FD profile: Risk of a lynching

FD profile: Risk of a lynching

On the frontline: in accepting his bonus, Lynch risks the wrath of Compass shareholders.

Eyebrows were raised last week by Andrew Lynch’s decision to accept a £114,000 bonus from Compass Group, despite the group issuing a shock profits warning in September.

The former group finance chief, who was last year promoted to chief executive of subsidiary Select Service Partner, was one of only four directors to take up the offer of a bonus.

While Compass paid out £881,000 in total, the vast majority was paid to Alain Dupuis, chief executive of Compass Group’s Asian and Australian division, who was on a different bonus structure.

Directors at the group saw almost 40% wiped off their 2004 pay deals compared to 2003, and only four directors received a bonus of any kind.

Both the company’s executive chairman, Sir Francis Mackay, and chief executive, Michael Bailey (pictured right with Lynch), declined the offer of a bonus, because they did not feel it was appropriate.

Lynch was appointed chief executive of Compass’s Select Service Partner division a year ago. And despite his £114,000 bonus paling compared with his £510,000 2003 bonus, investors are likely to feel aggrieved at what on the surface appears like another example of a reward for failure.

Lynch learned his trade at Big Four firm KPMG, but left in 1984 to join Prudential. He remained there for five years before joining Travellers Fare as finance director in 1989. The former British Rail outfit was later bought by Compass, and Lynch has been with the group ever since.

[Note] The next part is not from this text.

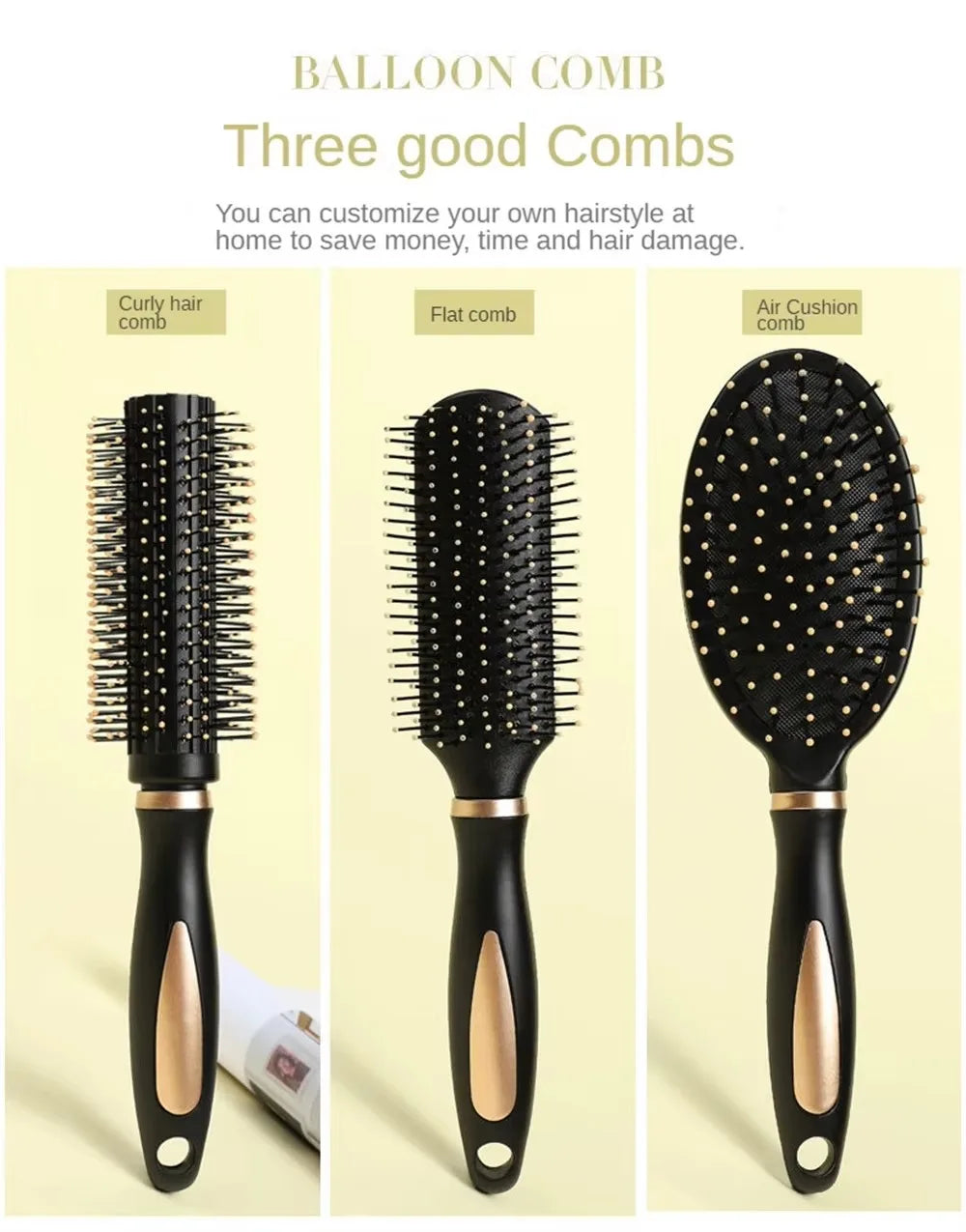 Paddle Detangling Brush — Salon Styling - View 12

Compass Group argues that the bonuses paid to its directors are protected by a rigorous testing structure, which is based on a number of criteria being met that the remuneration committee ‘considers contributes most to increasing shareholder value and meeting corporate objectives’.

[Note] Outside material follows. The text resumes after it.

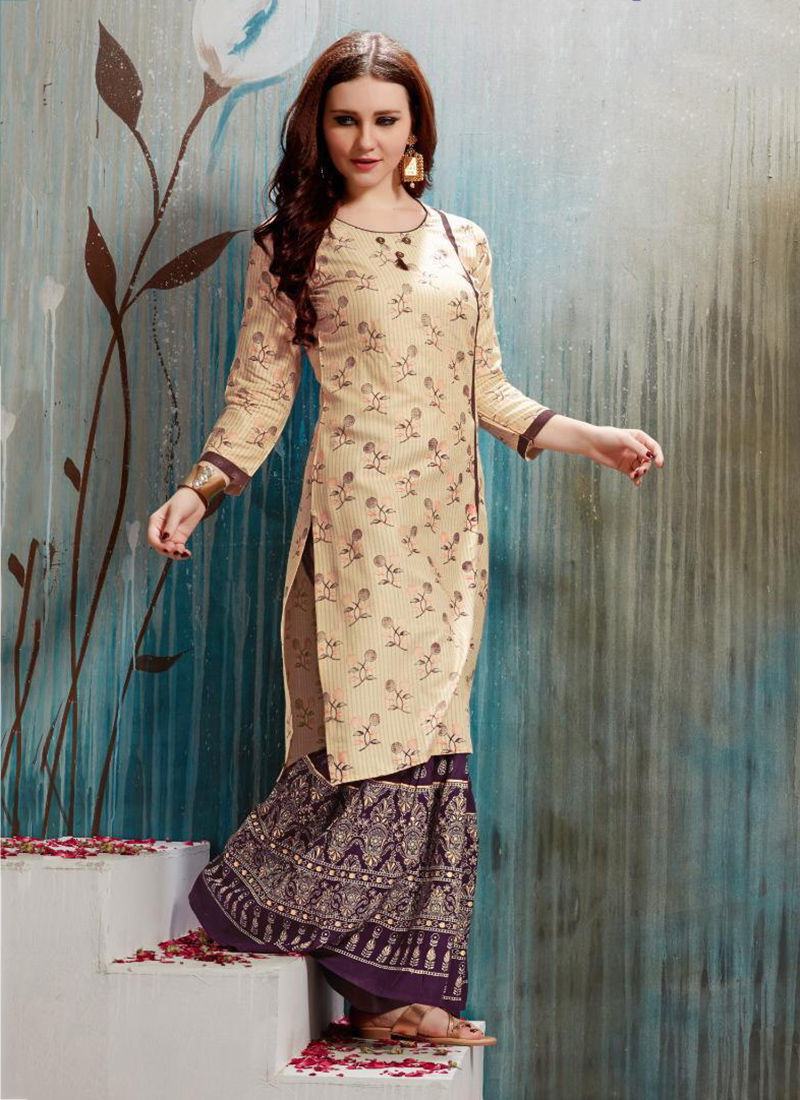Ranjyot nagma printed heavy reyon kurtis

Four measures are taken into account – turnover growth, EPS growth, improvement to the return on capital employed and working capital movement. If only one of the measures is met by the executive director, he or she is entitled to just 25% of their overall budget.

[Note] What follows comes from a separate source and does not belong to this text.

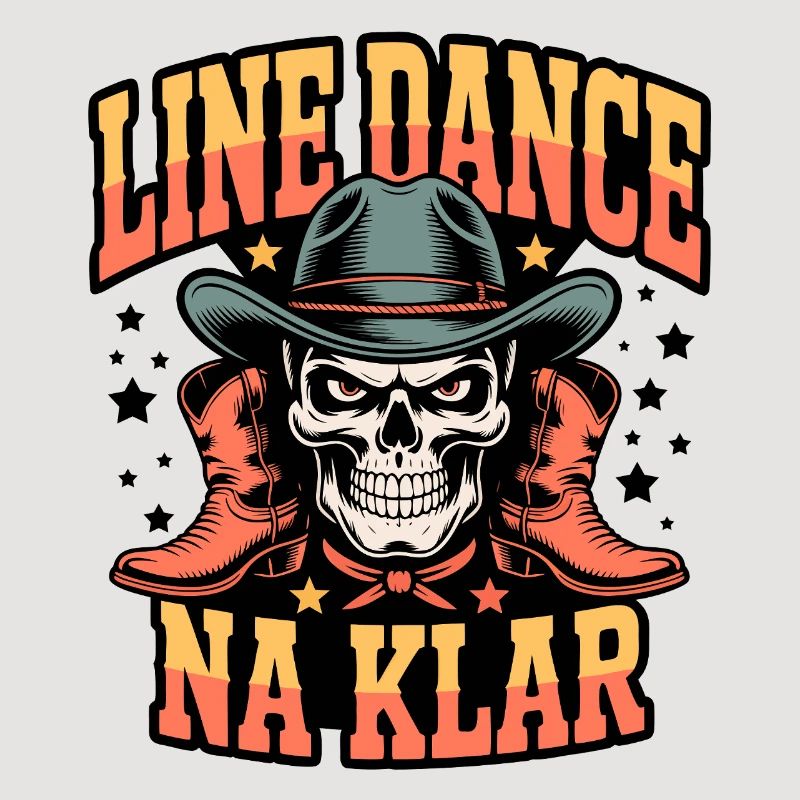 Line Dance Schädel Rodeo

Comfortably sitting at 323p on 7 September last year, the group’s shares dropped to 239.25p overnight, following the profits warning.

As Accountancy Age went to press, the share price remained around the 247p mark.

Lynch’s leadership of Select Service Partner is likely to attract keen interest from the rest of the board as well as investors. At 56 years old, Mike Bailey, group chief executive, is slowly approaching retirement.

Should Lynch prove his worth at Select Service Partner, he would be the obvious choice of successor at the parent company. He certainly seems ambitious enough.